» Provided data:
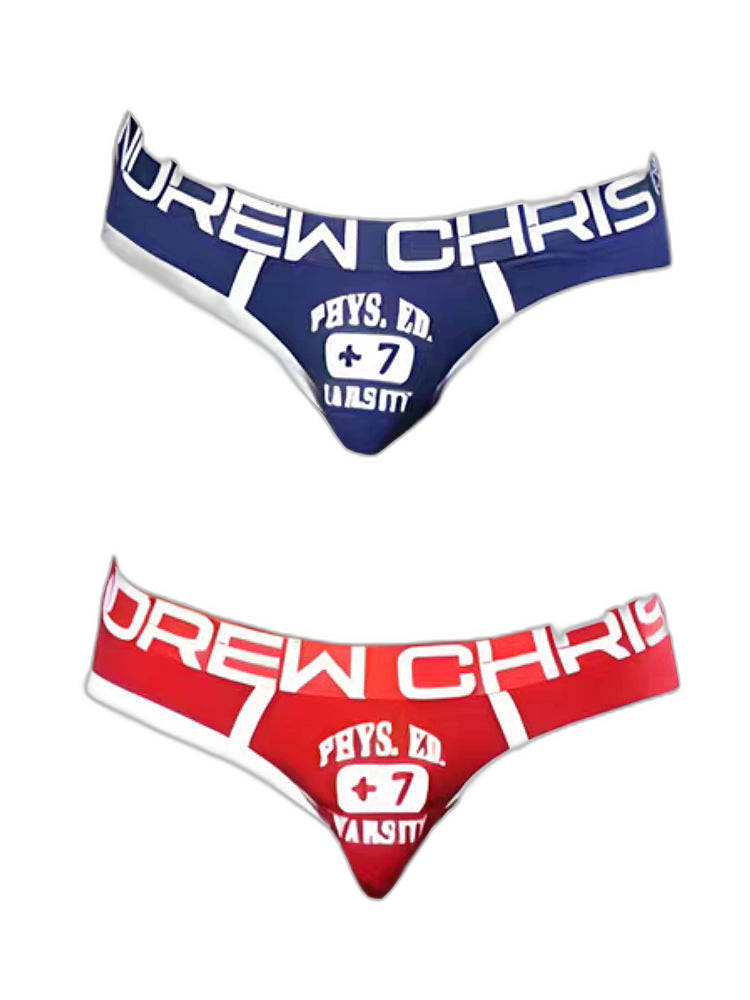 2 Pack Men's Ultra-Soft Printed Low-Rise Sexy Sporty Cut Anti-Chafing Bikini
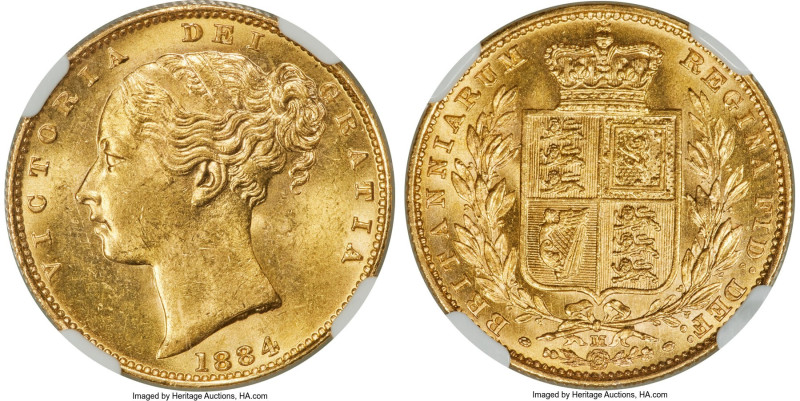 Victoria gold "Shield" Sovereign 1884-M MS64 NGC, Melbourne mint, KM6, S-3854A. ...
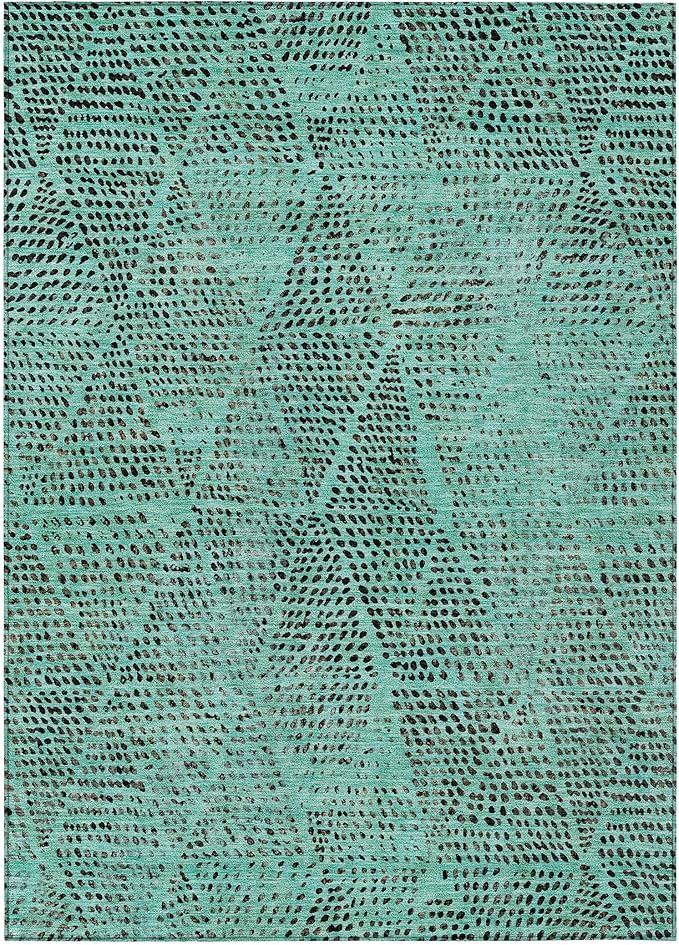 Addison Rugs Chantille ACN591 Teal 10' x 14' Indoor Outdoor Area Rug, Easy Clean, Machine Washable, Non Shedding, Bedroom, Living Room, Dining Room, Kitchen, Patio Rug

» Task: Copy out all the data exactly. The images should not appear in the copy.

» Answer to this exercise:
 2 Pack Men's Ultra-Soft Printed Low-Rise Sexy Sporty Cut Anti-Chafing Bikini
 Victoria gold "Shield" Sovereign 1884-M MS64 NGC, Melbourne mint, KM6, S-3854A. ...
 Addison Rugs Chantille ACN591 Teal 10' x 14' Indoor Outdoor Area Rug, Easy Clean, Machine Washable, Non Shedding, Bedroom, Living Room, Dining Room, Kitchen, Patio Rug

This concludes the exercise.